* INSTRUCTIONS TO FOLLOW:
Beginning with the line that contains "Muti Gemstone Ring", print each line to the end of the data exactly. Omit the pictures.

* DATA:

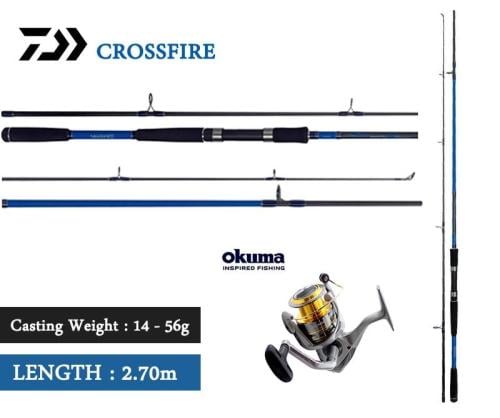 منظومة صيد كاستنج قصبة دايوا كروس فاير 270 وبكرة اكوما افنجر 4000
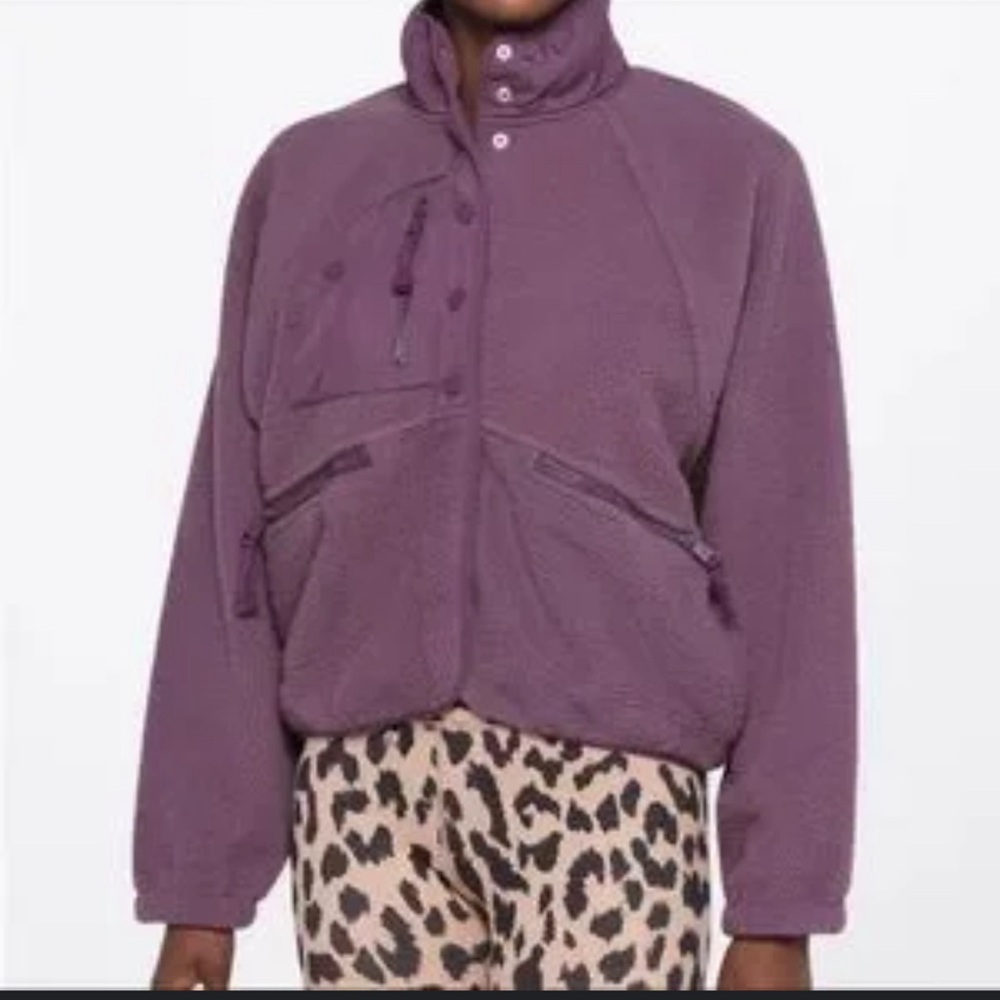 Free People Hit The Slopes Fleece Jacket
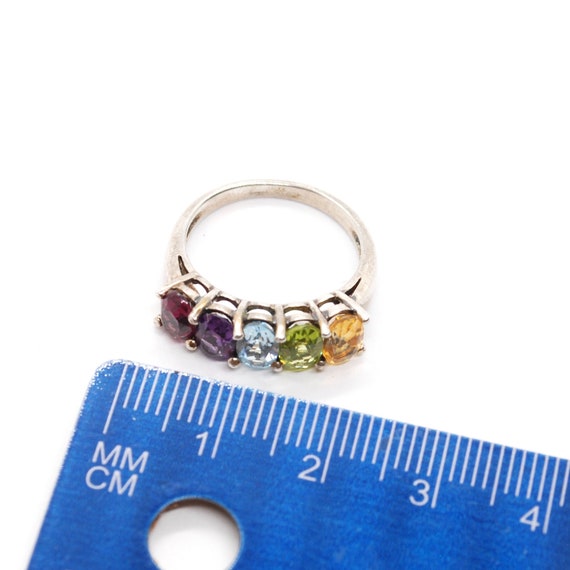 Muti Gemstone Ring - Sterling Silver - Citrine Pe… - image 10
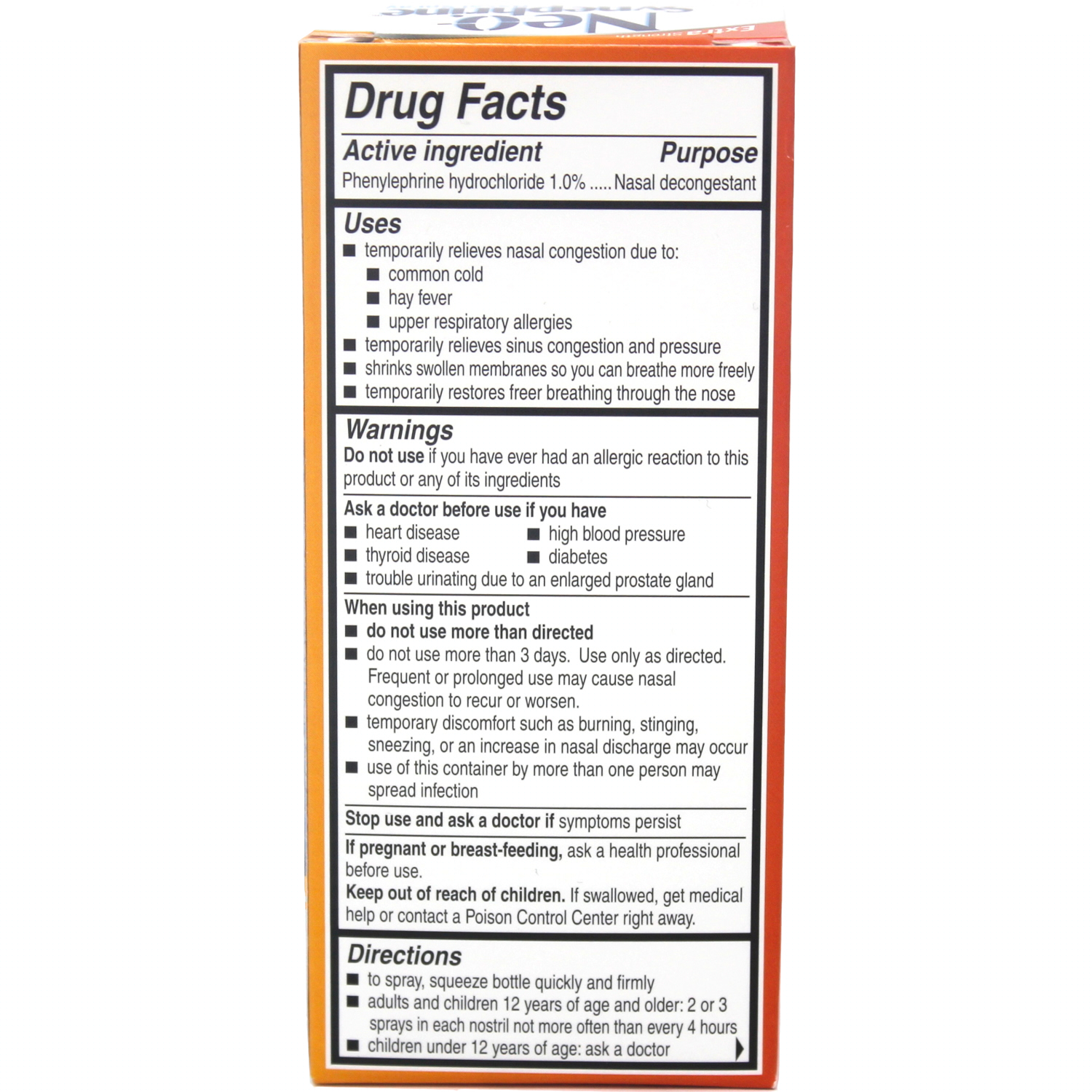 thumbnail image 3 of Neo-Synephrine Nasal Spray Neo Synephrine Nasal Congestion Relief Extra Strength Cold + Allergy 0.5 oz, 1 Count, 3 of 3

* ANSWER:
 Muti Gemstone Ring - Sterling Silver - Citrine Pe… - image 10
 thumbnail image 3 of Neo-Synephrine Nasal Spray Neo Synephrine Nasal Congestion Relief Extra Strength Cold + Allergy 0.5 oz, 1 Count, 3 of 3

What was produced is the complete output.